Opinion

WELL, MIKE GETS IT

For a study in fiscal contrasts, take a peek at the spending plan Mayor Bloomberg offered yesterday for New York City in the coming year – and compare it to the dog’s breakfast of a budget put forward by Gov. Spitzer on Tuesday.

For starters, the Bloomberg budget’s bottom-line figure is actually lower than that for the current year – down to $58.5 billion from $60.4 billion (thanks mostly to the mayor’s insistence that revenue surpluses from this year be used to pre-pay next year’s expenses).

The guy understands that there’s a lot of economic uncertainty in the air these days – and that city revenues are apt to dip. Which means, as he put it yesterday, it’s time for belt-tightening.

To that end, overall growth in city-funded spending goes up just 3.7 percent, only a shade over inflation.

Gov. Spitzer, however, proposes jacking up spending by 5.1 percent – knowing that an election-year-obsessed Legislature will boost it far higher than that.

What, Eliot worry?

Now, it’s true that Mayor Mike is a big-government liberal who has no problem with the vast level of services the city now provides.

Indeed, he’d spend more money in a heartbeat if he could.

He’s also been unwilling to tackle the city’s structural imbalance: Actual operating expenses in the coming year will exceed what the city collects in revenues by almost $4 billion. (Again, Mike used one-time windfalls to plug the hole.)

Unhappily, the imbalance won’t go away when the surpluses disappear in a weakening economy – and billions in added deficits are projected for coming years.
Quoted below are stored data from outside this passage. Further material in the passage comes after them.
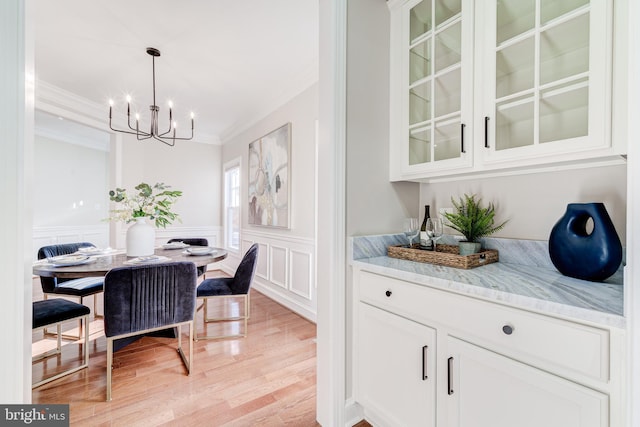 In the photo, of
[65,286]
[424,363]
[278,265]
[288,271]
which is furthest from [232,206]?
[424,363]

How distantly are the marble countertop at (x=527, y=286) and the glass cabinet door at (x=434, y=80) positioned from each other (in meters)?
0.61

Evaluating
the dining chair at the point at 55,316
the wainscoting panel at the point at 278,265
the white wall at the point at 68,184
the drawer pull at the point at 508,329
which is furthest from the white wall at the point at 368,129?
the white wall at the point at 68,184

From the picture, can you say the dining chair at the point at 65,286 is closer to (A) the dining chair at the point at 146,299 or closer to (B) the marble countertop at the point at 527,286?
(A) the dining chair at the point at 146,299

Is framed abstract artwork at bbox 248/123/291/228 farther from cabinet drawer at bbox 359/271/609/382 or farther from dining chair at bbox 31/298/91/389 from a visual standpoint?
cabinet drawer at bbox 359/271/609/382

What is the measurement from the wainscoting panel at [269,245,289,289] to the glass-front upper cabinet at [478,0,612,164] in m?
2.75

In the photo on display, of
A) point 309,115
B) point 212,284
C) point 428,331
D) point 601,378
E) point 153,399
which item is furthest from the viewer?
point 309,115

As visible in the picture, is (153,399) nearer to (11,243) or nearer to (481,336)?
(11,243)

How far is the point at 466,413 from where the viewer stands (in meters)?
1.09

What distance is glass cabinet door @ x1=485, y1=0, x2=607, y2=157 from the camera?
108 centimetres

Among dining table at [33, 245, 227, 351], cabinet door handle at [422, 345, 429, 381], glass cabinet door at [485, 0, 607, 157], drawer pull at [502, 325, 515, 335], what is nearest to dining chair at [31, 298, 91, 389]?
dining table at [33, 245, 227, 351]

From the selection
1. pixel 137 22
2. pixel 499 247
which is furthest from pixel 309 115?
pixel 499 247

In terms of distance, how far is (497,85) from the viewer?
51.8 inches

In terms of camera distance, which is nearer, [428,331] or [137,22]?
A: [428,331]

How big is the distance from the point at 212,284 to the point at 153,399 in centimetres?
110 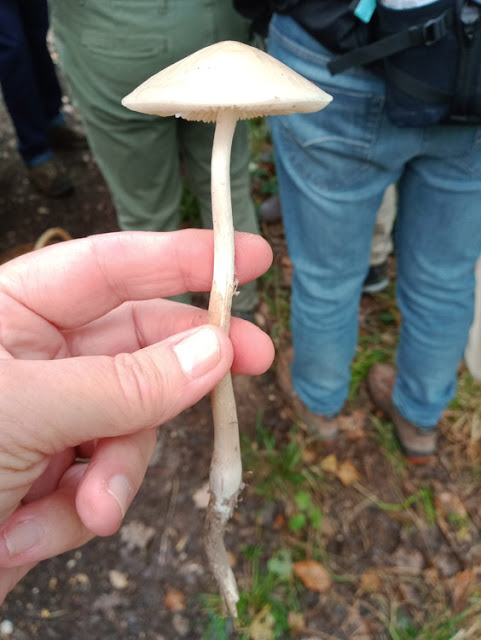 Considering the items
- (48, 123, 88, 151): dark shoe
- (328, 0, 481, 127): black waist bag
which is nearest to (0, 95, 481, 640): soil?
(328, 0, 481, 127): black waist bag

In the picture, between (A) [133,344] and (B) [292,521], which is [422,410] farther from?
(A) [133,344]

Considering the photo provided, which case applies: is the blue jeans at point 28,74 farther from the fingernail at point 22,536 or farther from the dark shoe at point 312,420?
the fingernail at point 22,536

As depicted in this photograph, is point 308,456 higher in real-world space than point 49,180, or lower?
lower

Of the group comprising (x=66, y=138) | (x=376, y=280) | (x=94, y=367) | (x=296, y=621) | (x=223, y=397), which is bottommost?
(x=296, y=621)

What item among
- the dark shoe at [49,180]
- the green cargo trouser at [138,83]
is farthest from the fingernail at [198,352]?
the dark shoe at [49,180]

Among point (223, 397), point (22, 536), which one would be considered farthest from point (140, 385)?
point (22, 536)

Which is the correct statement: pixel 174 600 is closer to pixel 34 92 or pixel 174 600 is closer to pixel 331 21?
pixel 331 21

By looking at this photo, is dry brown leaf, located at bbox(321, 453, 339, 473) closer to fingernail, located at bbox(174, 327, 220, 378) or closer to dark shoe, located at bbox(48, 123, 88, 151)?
fingernail, located at bbox(174, 327, 220, 378) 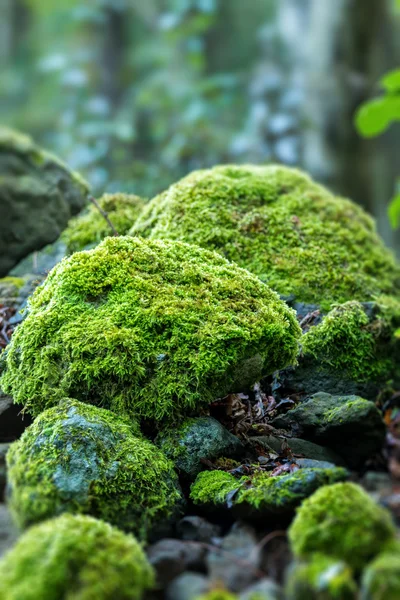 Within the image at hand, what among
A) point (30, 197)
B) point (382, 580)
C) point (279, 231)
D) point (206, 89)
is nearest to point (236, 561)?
point (382, 580)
That’s why it’s regrettable that Bloomberg has expended so little political capital to curb big-ticket costs – like the crushingly expensive pension and health benefits the city pays its employees. (Spitzer, who faces out-year deficits of his own, has been equally silent on such matters.)

All this notwithstanding, Bloomberg’s budget is still a heckuva lot better than most other city pols might do – including most of those seeking to replace him next year.

To most city politicians, after all, a surplus is found money – to be spent on new programs and pork, not used to pre-pay future-year costs. Gotham would already be in the deep weeds had someone else been in charge over the past couple of years.

That may not be the highest of compliments. But it’s cause for New Yorkers to be glad for what they’ve got.